Por Javier Orrego C. (Fragmento de El puente sobre el caos)

GurdjieffComenzado el otoño, Marlene, la prostituta sagrada, me invitó a asistir a una reunión en que se tratarían ciertos aspectos específicos de las enseñanzas de Gurdjieff relacionados con la sexualidad humana. Pero era sólo una excusa. Lo más importante era aprovechar la ocasión para presentarme allí a cierto ex discípulo de Krysztof K. que estaba muy interesado en conocerme. Mi sibila me advirtió que el hombre que me iba a presentar le había perdido la pista a su maestro por un buen tiempo hasta que lo encontró en Fátima pocos meses antes de su muerte. Supe que me aproximaba a la hermandad.
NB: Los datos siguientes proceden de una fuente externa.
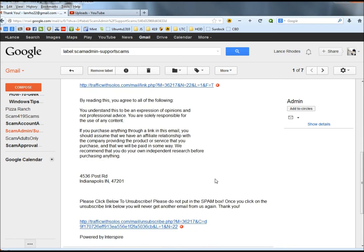And down at the bottom it says by reading this you agree to all of the following: you understand this to be an expression of opinions and not professional advice. You are solely responsible for the use of any content. If you purchase anything through a link in this email, you should assume that we have an affiliate relationship with the company providing the product or service that you purchase and that we will be paid in some way.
Sirvió de sede para este encuentro un hermoso departamento ubicado frente al Parque Forestal, cerca del Palacio de Bellas Artes, cuya dueña era una mujer con aires de viuda rica aficionada a las ciencias ocultas. El resto de los asistentes no despertó mayor interés en mí. Me llamó la atención, eso sí, la presencia de un orador vestido de gris que comenzó a hablar apenas unos minutos después de nuestra llegada. El hombre era delgado, macilento, de ojos saltones, y había comenzado por enunciar, con una voz monótona y sin inflexiones, la importancia del rol de la sexualidad en el mantenimiento de la mecanicidad de la existencia humana. Luego vino una retahíla de obviedades basadas, supuestamente, en las palabras del maestro armenio. Y al cabo de un rato, concluyó que todo lo que hace la gente se encuentra directamente relacionado con la sexualidad, la actividad política, la religión, el arte, la gastronomía, en fin… (más…)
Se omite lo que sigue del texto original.